After 12 years, Ripple’s president sees its payment and enterprise businesses evolving further

Although Ripple has been around since 2012, it and the XRP Ledger are doubling down on its global payments journey. At the same time, it’s also aiming to become the go-to enterprise infrastructure provider, the company’s president, Monica Long, said on TechCrunch’s Chain Reaction podcast.

Distinct from the Ripple network and protocol, the XRP Ledger is a decentralized public ledger with an open source code base that anyone can contribute to or use, Long said. And there are thousands of developers globally who do, she added.

“The original creators of the ledger saw that this could be a modern system for value movement that is as fast and as free as email,” Long said. “So instead of the analogy of the post office versus email we’ve got the banking system today versus what you can achieve on a blockchain with a decentralized exchange.”

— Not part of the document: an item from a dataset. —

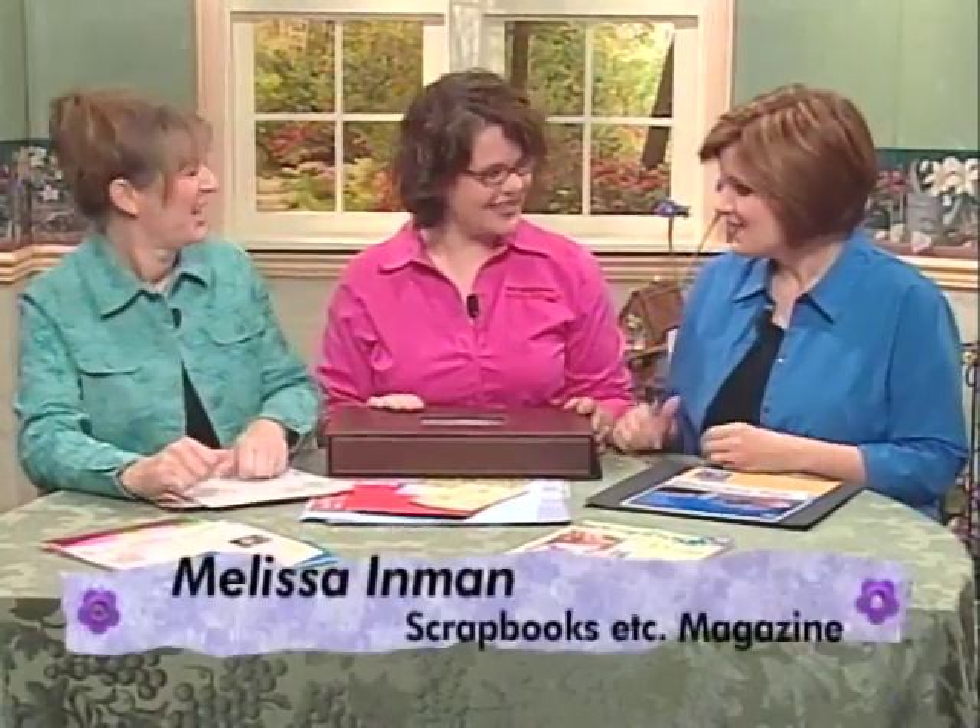It's time for another edition of Scrapbook Memories. I'm Beth Madeline. I'm Julie McGuffey, and we're joined by special guest host Melissa Inman of Scrapbooks Etc. Thanks for being with us.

When the ledger first launched in 2012, it imagined it as a version of bitcoin that would achieve faster confirmation times with a lower cost system, Long said. “The developers thought of blockchain and a public ledger as a great way to represent and move and transact value all around the world.”

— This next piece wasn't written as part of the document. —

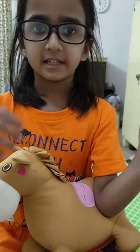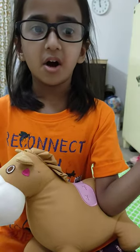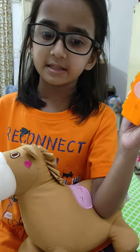First you have to take the base, then the ketchup, then you have to add the toppings like olives and capsicum — red, yellow and green capsicum.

Blockchains, by default, are transparent through on-chain data, which shows a transaction’s journey, from beginning to end.

“Foreign exchange is pretty concentrated in terms of the players who actually have enough capital to provide liquidity for those transactions,” Long said. “And so when you have a lot of concentration, you have a lack of competitiveness for the pricing.”

But in the future, Long said that blockchain technology could solve problems that traditional financial institutions face using know your customer (KYC) and other compliance requirements through a decentralized environment. “Then you can see more participants acting on or providing liquidity on these decentralized exchanges. So I think that you can see a real monumental shift in the end and costs of those types of transactions.”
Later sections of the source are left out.